■ WHAT YOU WILL DO ■
An exact transcription of all the data is required, with every image removed.

■ INFORMATION SUPPLIED ■
────────────────────

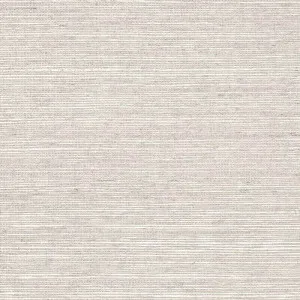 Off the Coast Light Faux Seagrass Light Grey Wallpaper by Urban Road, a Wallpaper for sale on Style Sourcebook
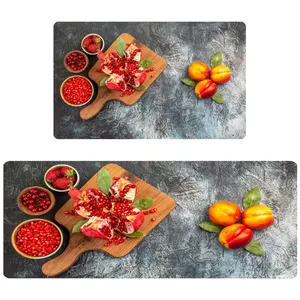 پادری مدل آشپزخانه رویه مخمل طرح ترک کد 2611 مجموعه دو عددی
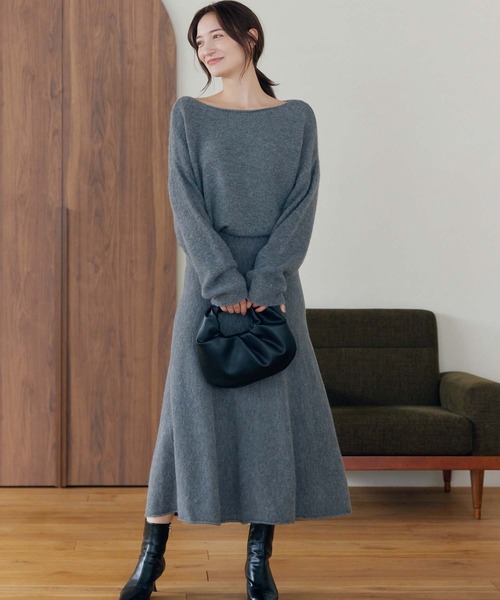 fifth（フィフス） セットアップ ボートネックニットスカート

────────────────────

■ EXPECTED ANSWER ■
 Off the Coast Light Faux Seagrass Light Grey Wallpaper by Urban Road, a Wallpaper for sale on Style Sourcebook
 پادری مدل آشپزخانه رویه مخمل طرح ترک کد 2611 مجموعه دو عددی
 fifth（フィフス） セットアップ ボートネックニットスカート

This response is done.